Since the Ni aerogel outperforms Co and Cu aerogels in GOR activity due to the moderate adsorption of glucose on its surface, operando EIS was employed to probe the electrochemical evolution of the electrode interface during the GOR (Fig. 4a–c).³⁹ Typically, the high-frequency region (10¹–10⁴ Hz) in the Bode plots is predominantly indexed to the self-oxidation of the catalysts, whereas the low-frequency region (10⁻²–10¹ Hz) is corresponded to the oxidation resistance at the electrode/electrolyte interface.⁴⁰ The surface electrooxidation of the catalyst in the high-frequency region was visibly apparent at low potentials in Fig. 4a. Elevating the potential to 1.50 V (vs. RHE) led to the emergence of a transition peak in the low-frequency region of the Bode plot, and the progressively decreasing phase angle served as an indicator of OER activity. Following the introduction of 0.1 M glucose, no obvious transition peak was observed in the low-frequency region (Fig. 4b) to suggest the preferential occurrence for the GOR.⁴¹ With increasing applied potential, the phase angle peak decreased and shifted to the higher frequencies, demonstrating accelerated interfacial charge transfer through rapid oxidation of glucose molecules. When the potential surpassed 1.50 V (vs. RHE), the phase angle peak subtly shifted towards lower frequencies, indicating interfacial competition between OER and GOR processes. Furthermore, the relevant equivalent circuit diagram of the EIS data and corresponding fitting parameters are shown in Tables S5, S6 and Fig. S17.⁴² As derived in Fig. 4c, the significant lower value of interfacial resistance for the GOR at low potential compared to that for the OER demonstrated the faster GOR kinetics for the Ni aerogel (Fig. S18). In particular, the R_ct value of the GOR at 1.45 V (vs. RHE) was 111 times lower than that of the OER for the Ni aerogel, confirming superior charge transfer efficiency and accelerated reaction kinetics in the GOR (Fig. 4c).

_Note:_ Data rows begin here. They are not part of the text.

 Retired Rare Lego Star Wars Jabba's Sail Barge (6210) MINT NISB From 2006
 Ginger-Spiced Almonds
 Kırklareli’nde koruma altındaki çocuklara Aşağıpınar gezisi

Fig. 4 (a and b) Bode phase plots of operando EIS on the Ni aerogel in 1.0 M KOH (a) without and (b) with 0.1 M glucose, and (c) the corresponding resistance of electrode interface reaction (R_ct). (d and e) In situ Raman spectra (d) without and (e) with 0.1 M glucose in the potential range from OCP to 1.50 V vs. RHE, and (f) the corresponding isothermal plots for the OER and GOR.

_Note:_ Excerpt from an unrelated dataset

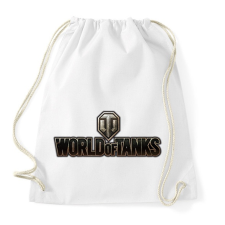 PRINTFASHION World of Tanks - Sportzsák, Tornazsák - Fehér tornazsák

Additionally, surface dynamic reconstruction of the Ni aerogel was probed by in situ Raman spectroscopy during the OER and GOR processes (Fig. 4d–f).⁴³ In Fig. 4d, the vibrational band observed at 489 cm⁻¹ under the open circuit potential (OCP) was assigned to the Ni^II– O bond, whereas the 798 cm⁻¹ feature originated from asymmetric stretching vibration of O–Ni–O bridges.⁴⁴ In contrast, two emerging peaks at 476 and 553 cm⁻¹ were observed during the GOR when the potential reaches 1.35 V (vs. RHE) (Fig. 4e), attributed to the bending (δ) and stretching (ν) vibrations of the Ni^III–O bond.⁴⁵ We speculate that the presence of glucose may accelerate the dehydrogenation process and induce the generation of high-valent metal active sites, thereby enhancing GOR performance. Furthermore, the corresponding isothermal plots (Fig. 4f) provided a clear visualization of the structure evolution process. The potential-dependent behavior of the NiOOH peak showed a distinct maximum in intensity, corresponding to the electrochemical interconversion process between NiOOH and Ni(OH)₂. The multi-step potential curve was measured to investigate the glucose oxidation mechanism of the Ni aerogel.⁴⁶ The Ni aerogel was initially pre-oxidized at 1.40 V vs. RHE in 1.0 M KOH to accumulate high-valent Ni³⁺ species. When the potential reaches OCP, the negative current (yellow line) was observed (Fig. S19) to reveal the reduction of Ni³⁺–O into Ni²⁺–OH. This discrepancy with the in situ Raman results may be attributed to the CV pre-activation of the Ni aerogel during the electrochemical test, which can be confirmed by the electrochemical test results and Raman spectra (Fig. S20). After injecting 0.1 M glucose into the electrolyte, the reduction current (red line) gradually decreased and then turned to the OCP state. However, when the GOR (blue line) occurs directly, the reduction current signal was negligible. Therefore, it is reasonable to speculate the mechanism of the GOR on the Ni aerogel follows the proton coupled electron transfer mechanism. The electrochemical process begins with substrate adsorption at relatively lower potential, followed by potential-dependent activation: (i) Ni(OH)₂ → NiOOH transformation, (ii) NiOOH-mediated glucose oxidation to formic acid, and (iii) competitive OER driven by higher potential.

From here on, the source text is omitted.